Work instruction:
Keep the pictures out. Copy every line of the listing exactly.

Data extract:
==*==

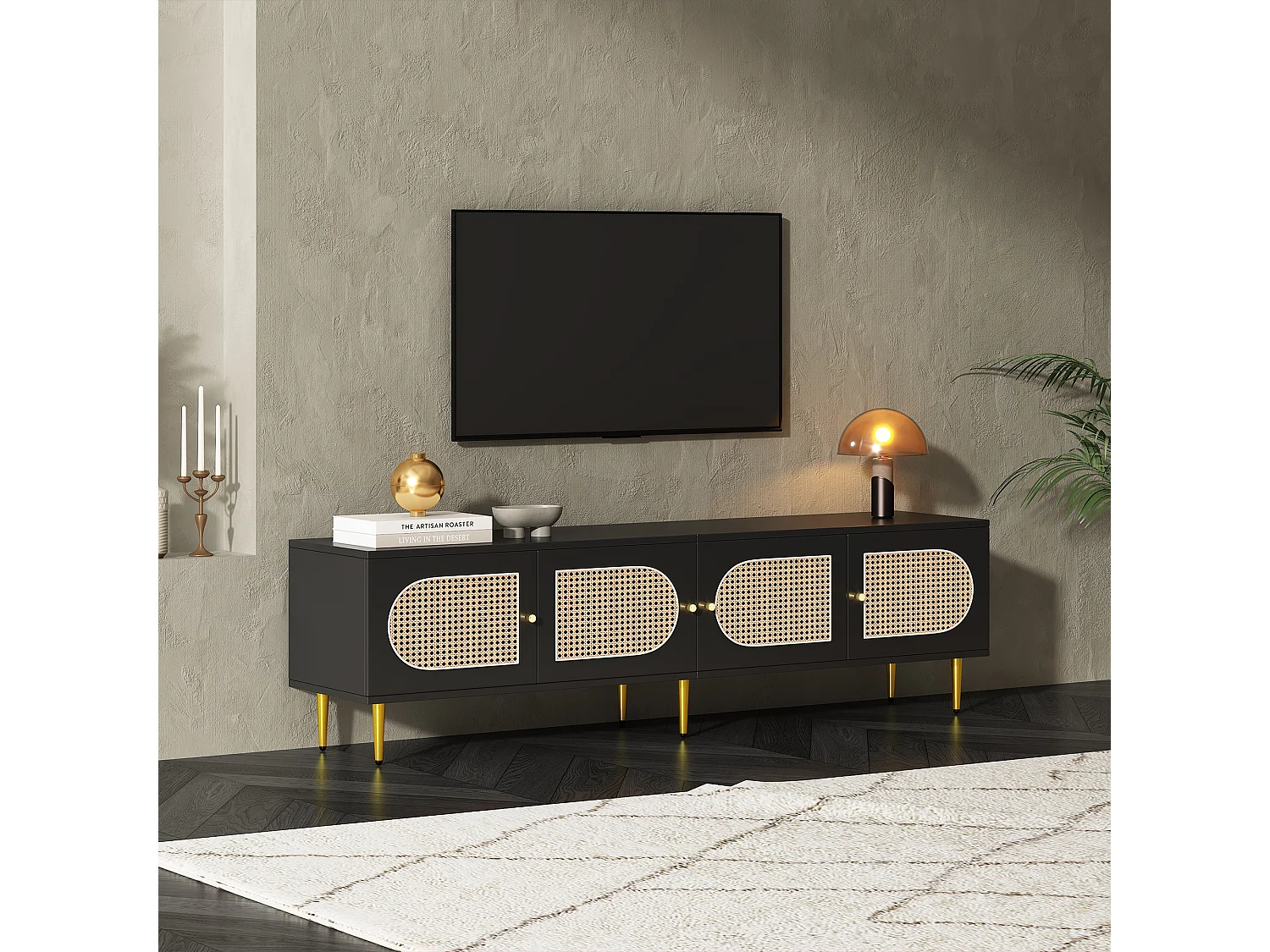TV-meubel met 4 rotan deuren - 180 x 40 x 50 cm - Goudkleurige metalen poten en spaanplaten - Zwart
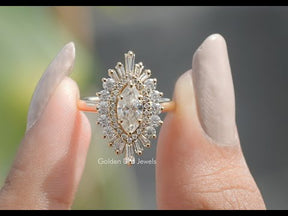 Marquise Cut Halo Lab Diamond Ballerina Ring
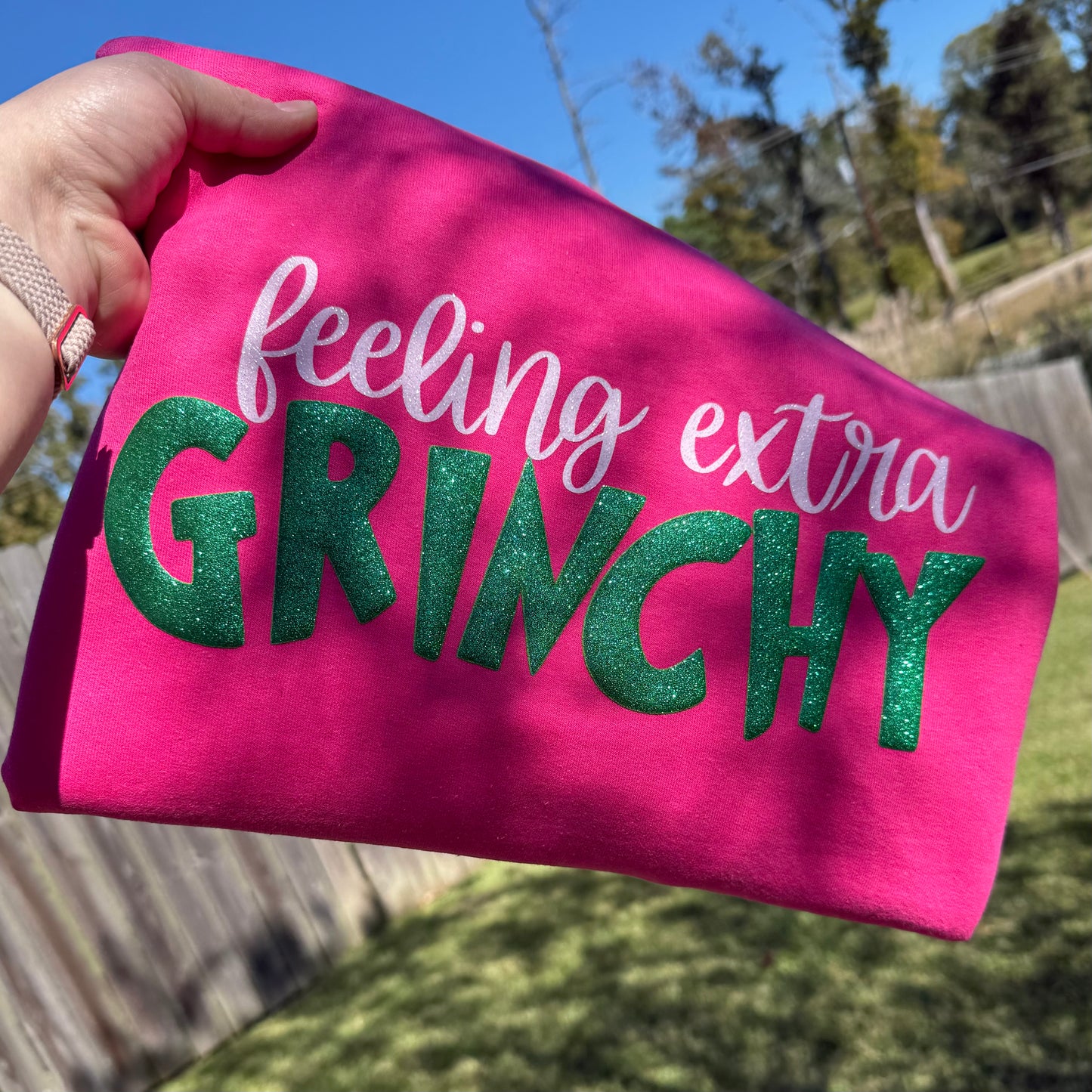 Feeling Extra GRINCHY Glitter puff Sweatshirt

==*==

Answer:
TV-meubel met 4 rotan deuren - 180 x 40 x 50 cm - Goudkleurige metalen poten en spaanplaten - Zwart
 Marquise Cut Halo Lab Diamond Ballerina Ring
 Feeling Extra GRINCHY Glitter puff Sweatshirt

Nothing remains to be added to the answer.